- Records -
- - - - - - -

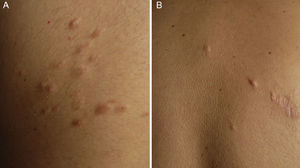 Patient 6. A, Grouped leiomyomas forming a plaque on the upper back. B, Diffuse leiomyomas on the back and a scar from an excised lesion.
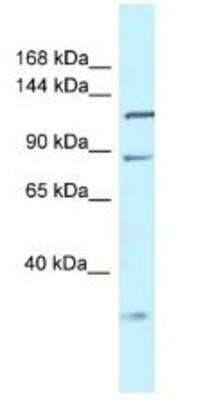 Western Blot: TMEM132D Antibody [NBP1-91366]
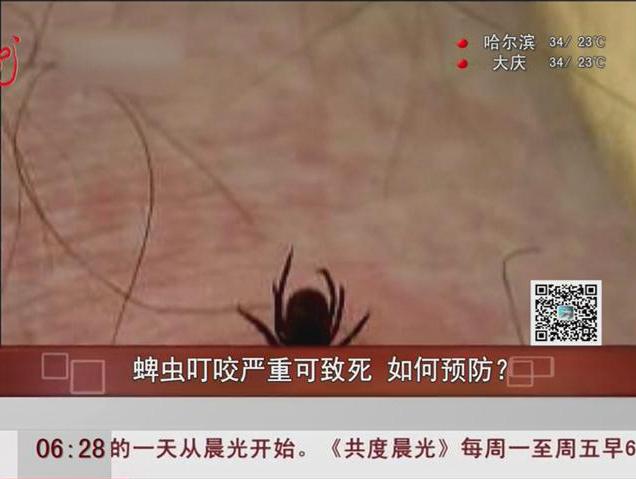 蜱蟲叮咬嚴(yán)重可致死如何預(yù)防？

- - - - - - -

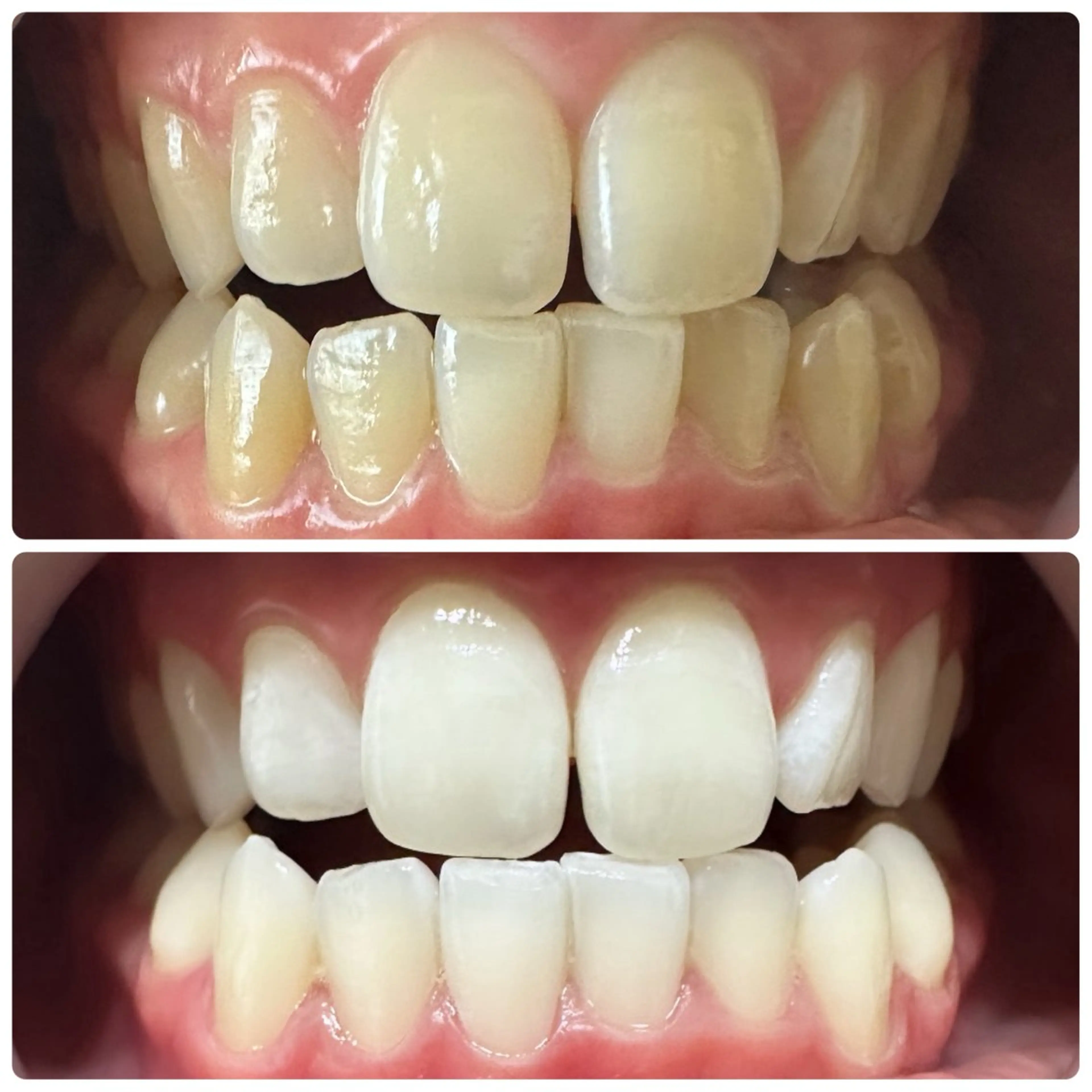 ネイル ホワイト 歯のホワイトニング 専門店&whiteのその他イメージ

- - - - - - -

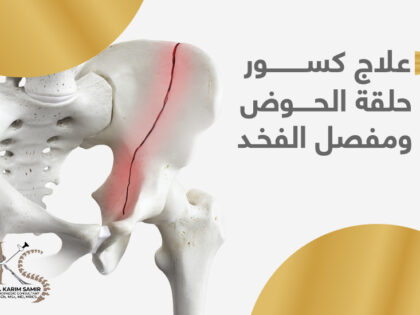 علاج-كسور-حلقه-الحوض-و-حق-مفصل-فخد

- - - - - - -

- Work to complete -
Starting at the line that contains "Patient 6. A, Grouped" and ending at the line that contains "蜱蟲叮咬嚴(yán)重可致死如何預(yù)防？", transcribe the material above exactly, excluding pictures.

- Written solution -
 Patient 6. A, Grouped leiomyomas forming a plaque on the upper back. B, Diffuse leiomyomas on the back and a scar from an excised lesion.
 Western Blot: TMEM132D Antibody [NBP1-91366]
 蜱蟲叮咬嚴(yán)重可致死如何預(yù)防？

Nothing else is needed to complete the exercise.